“The Quick and the Livid: Tokyo Drift” might have launched drifting to the franchise, but it surely nonetheless featured some American muscle, together with a Chevrolet Monte Carlo that seems early within the film. As typical, Craig Lieberman, a technical advisor for the early Quick and Livid films, has the small print on the Bowtie coupe.
Most important character Sean Boswell (performed by Lucas Black) was written as a teenage muscle-car fan with little cash, so the ratty-looking Monte Carlo was a pure match.
The Monte Carlo was largely neglected by collectors (in 2006, at the least), making it extra reasonably priced, Lieberman famous. It nonetheless had loads of tuning potential, although, and producers have been seeking to function a unique muscle automobile after utilizing the Dodge Charger, Dodge Challenger, and Yenko Camaro in earlier films, he mentioned.
The low-income underdog story performs out with Boswell racing a wealthy child in a then-new Dodge Viper. The following destruction will get Boswell in hassle with the police, forcing him to maneuver to Tokyo and setting the plot in movement.
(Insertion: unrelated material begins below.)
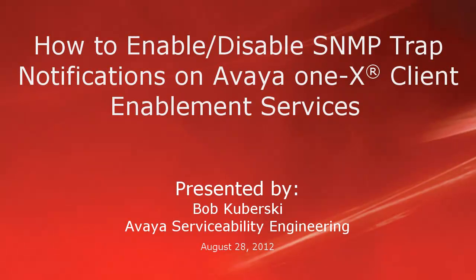Hello, my name is Bob Kuberski from the Avaya Serviceability Engineering Team. This video covers how to enable and disable SNMP trap notifications on Avaya 1X Client Enablement Services.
1971 Chevrolet Monte Carlo SS Tokyo Drift
The manufacturing staff constructed 11 copies of the Monte Carlo, which is typical, as further automobiles are wanted to carry out particular stunts, function backups, or be sacrificed for on-screen crashes. A kind of automobiles was listed as having a 632-cubic-inch V-8, though it might have truly been a 572-cubic-inch engine, Lieberman mentioned. Both means, it was rated at 780 hp on pump gasoline, or over 800 hp on racing gas, in keeping with Lieberman.
The engine was related to a 4-speed guide transmission with a drag-race-style shatterproof bell housing, and a Common Motors 12-bolt rear finish. Once more, just one automobile obtained the complete complement of efficiency elements, because it did not pay to improve automobiles that have been destined to be destroyed anyway.
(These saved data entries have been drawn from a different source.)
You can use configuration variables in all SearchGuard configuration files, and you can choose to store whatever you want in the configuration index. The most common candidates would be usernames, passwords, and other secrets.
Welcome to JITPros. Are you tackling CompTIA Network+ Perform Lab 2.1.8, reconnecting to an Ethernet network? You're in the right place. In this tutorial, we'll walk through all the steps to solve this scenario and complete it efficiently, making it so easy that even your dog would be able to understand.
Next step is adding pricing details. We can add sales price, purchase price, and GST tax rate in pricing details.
After filming, the surviving automobiles have been scattered. One is now in France, one other was supplied on the market on eBay in 2015 with a $100,000 asking value (it later bought for $61,440), whereas a 3rd automobile was supplied on the market in 2019 with a $39,998 asking value. At the very least one automobile remains to be owned by Common Studios, and at the least a pair extra survive, in keeping with Lieberman.
In “Tokyo Drift,” Boswell in the end finally ends up with a Ford Mustang powered, considerably controversially, by a Nissan Skyline GT-R’s RB26 engine. Lieberman has a deep dive on that automobile as nicely, which is certainly value testing.